Every word in the data below belongs in your copy, exactly as given; the pictures do not.

# Data:
┌──
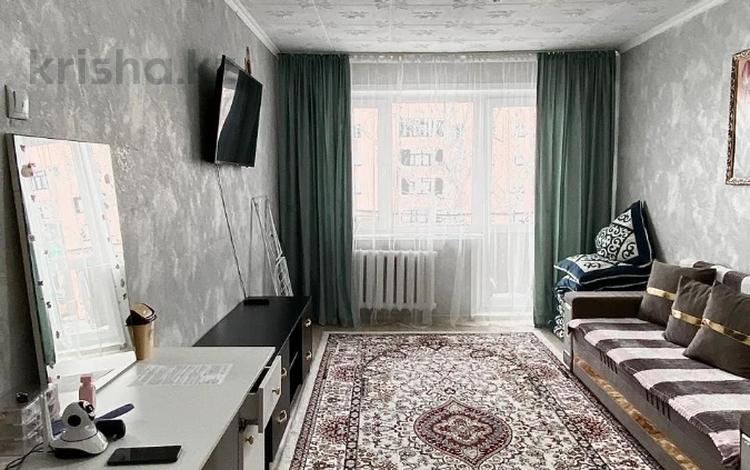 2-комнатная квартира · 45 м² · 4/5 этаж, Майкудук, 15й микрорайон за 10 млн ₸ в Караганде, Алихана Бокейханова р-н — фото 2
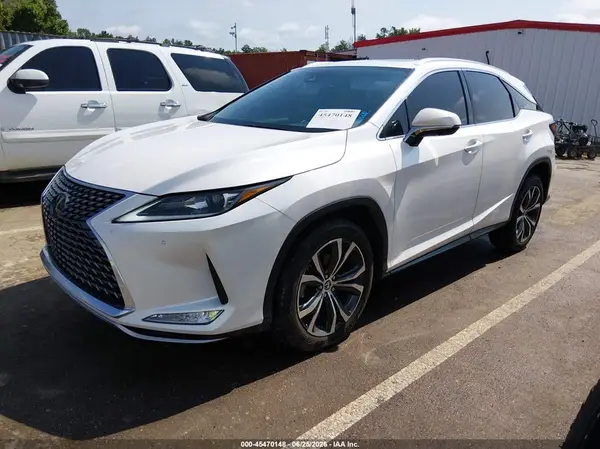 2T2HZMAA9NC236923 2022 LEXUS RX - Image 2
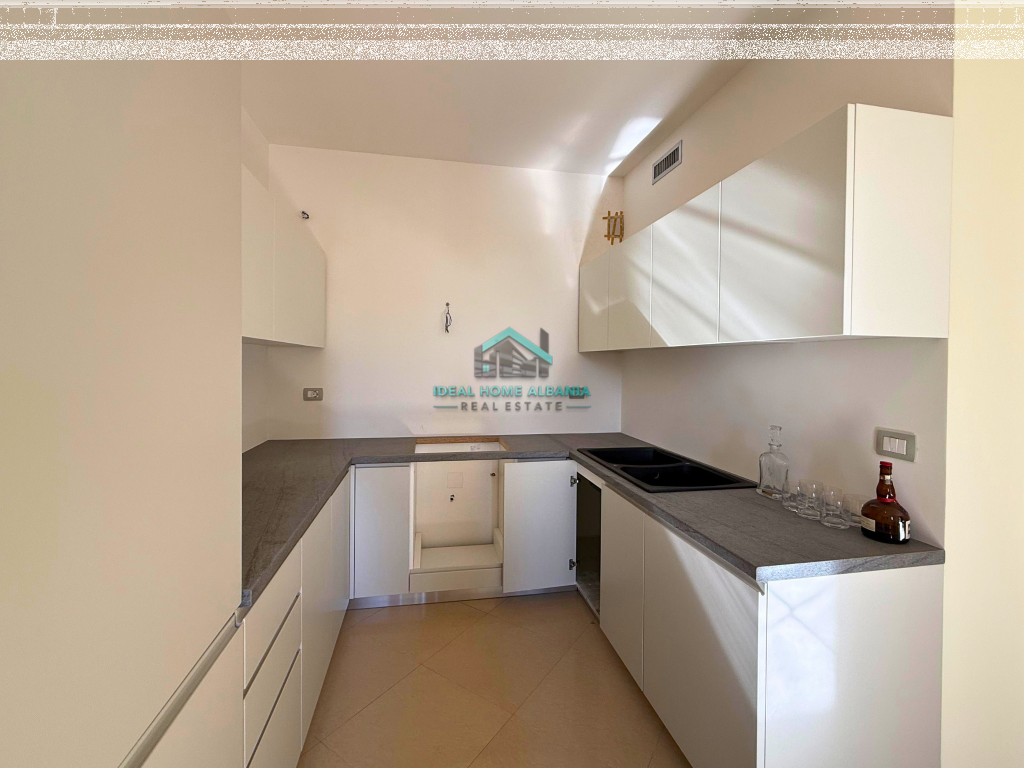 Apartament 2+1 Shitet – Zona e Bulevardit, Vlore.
└──
# Solution to this exercise:
 2-комнатная квартира · 45 м² · 4/5 этаж, Майкудук, 15й микрорайон за 10 млн ₸ в Караганде, Алихана Бокейханова р-н — фото 2
 2T2HZMAA9NC236923 2022 LEXUS RX - Image 2
 Apartament 2+1 Shitet – Zona e Bulevardit, Vlore.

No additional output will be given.